Carlos Domínguez Rodríguez (c. 1941 – January 13, 2018) was a Mexican journalist and political columnist in Nuevo Laredo, Tamaulipas, best known for his column in the Diario de Nuevo Laredo, as well his opinion columns for news websites, before he was murdered.

== Personal ==
Carlos Domínguez Rodriguez was a 77-year-old journalist who wrote about politics. He was married and had two children, a son and daughter. His son was married and the couple had a child, a grandchild. He resided in Nuevo Laredo, Tamaulipas, for most of his life. His body was buried in Nuxco, Tecpan de Galeana, Guerrero.

== Career ==
Domínguez Rodríguez practiced politically committed journalism for nearly 40 years. Although best known for his political column for the Diario de Nuevo Laredo, he also reported for the Noreste Digital and Horizonte de Matamoros, which were popular news websites. He was also known for being an independent journalist who lamented on political violence.

== Death ==

Carlos Domínguez Rodriguez was murdered around 3 p.m. on January 13, 2018. The journalist was attacked while at a stopped traffic light in his Ford Focus. He was taken out of his car and stabbed. Domínguez Rodríguez was later determined to have died from 21 stab wounds to his body. In the aftermath it was not known how many attackers were involved as the men were masked. One of four people in the car, Domínguez Rodríguez was slain in front of his son, daughter-in-law, and grandchild, but only the journalist was attacked.

Domínguez Rodríguez had been working on controversial political columns, and the motive related to his journalistic work was investigated. Domínguez Rodríguez had not reported receiving any threats or requested security.

The Tamaulipas State Attorney General Irving Barrios announced March 28, 2018 the arrests of six suspects. Two of the six allegedly blocked Domínguez’s Ford, forced him out of the car and stabbed him and four of the six were allegedly involved in the planning. One of the planners was identified as Rodolfo Jorge Alfredo Cantú García, who was the relative of a former mayor who Domínguez Rodríguez had criticized in his articles. Barrios announced that his killing was related to his columns.

== Context ==
Carlos Domínguez Rodríguez was a political writer who wrote about the city of Nuevo Laredo, the state of Tamaulipas, as well as national Mexican politics. The last murder of a journalist in the state of Tamaulipas was Zamira Esther Bautista on June 20, 2016.

Press freedom organizations like the Committee to Protect Journalists insist that the violence has created a self imposed "silence zone" for journalists in order to avoid attacks and murder.
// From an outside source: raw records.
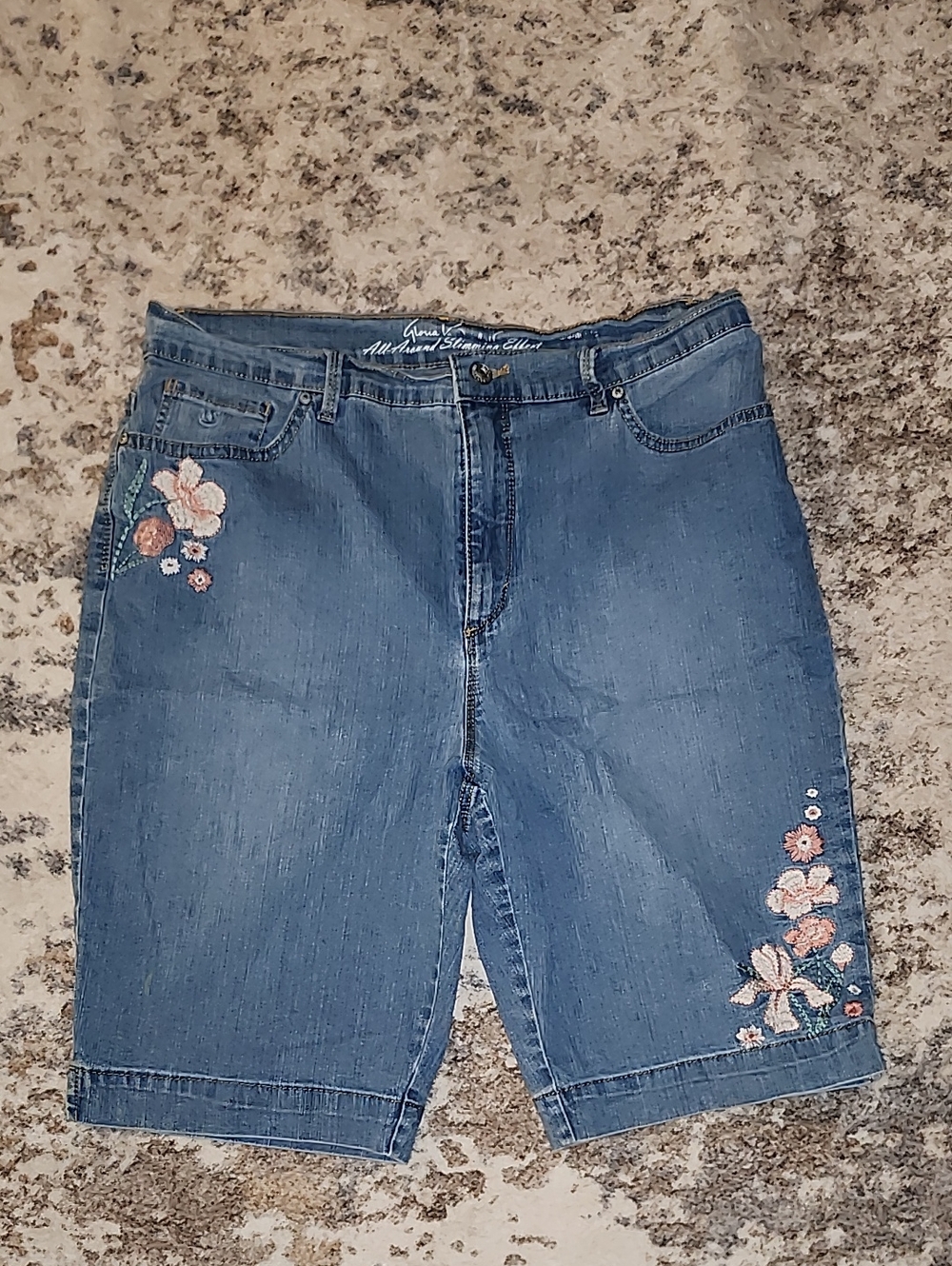 Embroidered Gloria Vanderbilt Floral Denim Bermuda Shorts - Blue Size 14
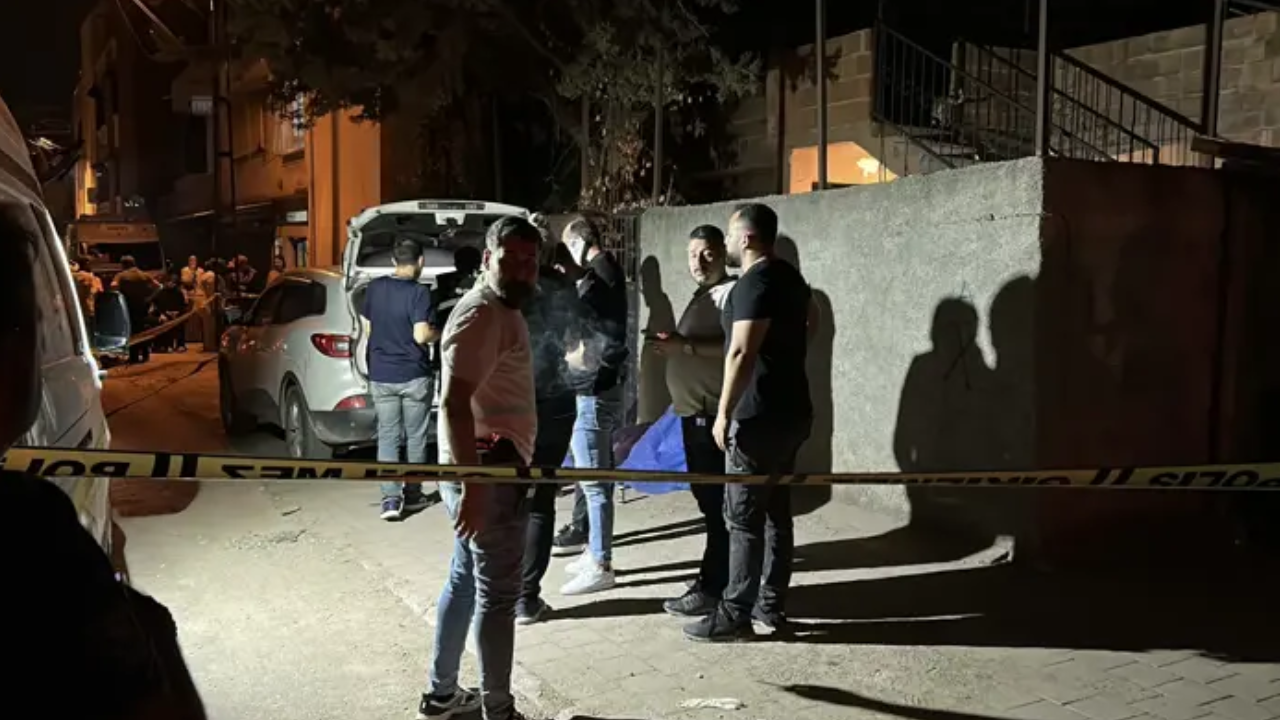 Kanlı kira tartışması: Kendisini tabancayla yaralayan kardeşini öldürdü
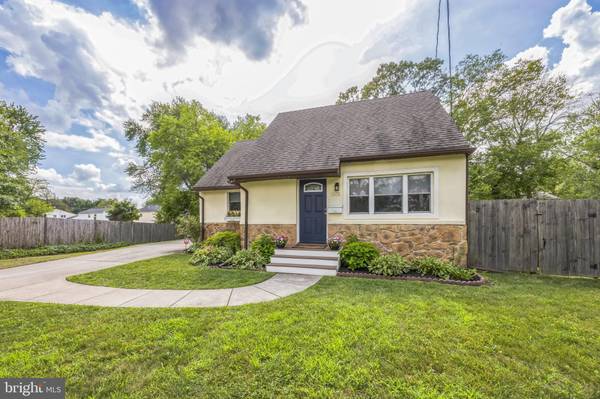 1515 BEVERLY TER, Cherry Hill, NJ 08003
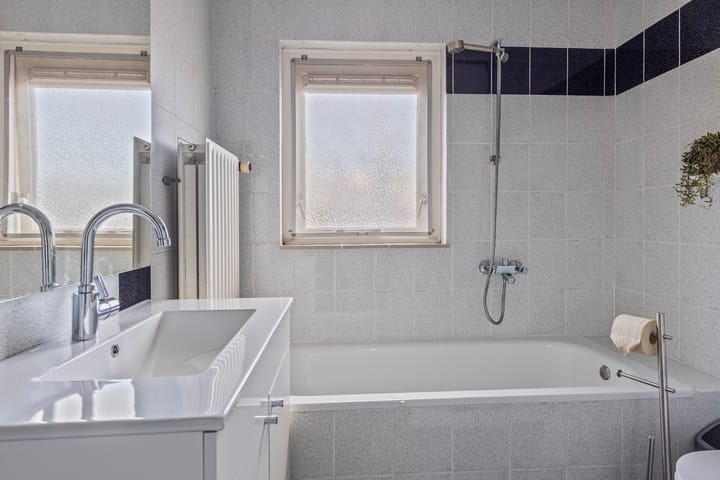 Photo 35 of Albert Schweitzerstraat 32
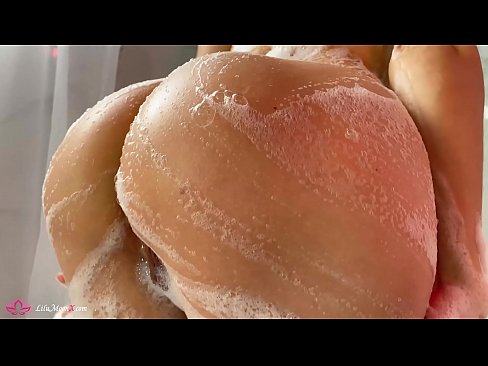 ❤️ Brunetka masturbuje kundičku s vibrátorom až do intenzívneho orgazmu v sprche ❌ Šukanie na sk.zoomporno.ru ️❤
Domínguez Rodríguez's political articles were important enough to get him killed in the end and criminal organizations were not involved.

== Impact ==
A wave of violence towards journalists hit Mexico in 2017, and 10 journalists, including Rodriguez, were murdered within a year. Multiple investigations have been launched to find the source of all of this violence.

Domínguez Rodríguez death was among the first murder of a media worker in Mexico in 2018, as a former editor Jose Gerardo Martinez was killed in Mexico City a week earlier. It added to the wave of violence in one of the world’s most dangerous countries for media workers.

== Reactions ==
Audrey Azoulay, director-general of UNESCO, said, "I condemn the assassination of Carlos Domínguez Rodríguez in Mexico and urge the authorities to ensure an effective investigation,” “Bringing journalists’ killers to justice is crucial to end violence against those who defend the public’s right to know."

Tamaulipas Governor Francisco Javier García Cabeza de Vaca said, "My condolences to the family of the journalist Carlos Domingues Rodriguez. My commitment to them and the journalistic community of Tamaulipas is that this murder will not go unpunished."

Emmanuel Colombié, the head of Reporters Without Borders Latin America bureau, said, "It is alarming to see that, for Mexico’s journalists, 2018 is beginning as badly as 2017 ended. ... For Carlos’ colleagues, there is no doubt that his assassination is linked to his journalistic work."

Alexandra Ellerbeck, CPJ's North American program coordinator, said, "Mexican authorities must swiftly investigate the murder of Carlos Domínguez Rodríguez, and bring all of those responsible to justice. Until the Mexican government decides to change the pattern of impunity in the country, criminals will continue to get away with killing journalists."

A statement from the General Justice Prosecutor's Office stated, "The state's government will take firm action against any attack on freedom of speech and the work of journalists."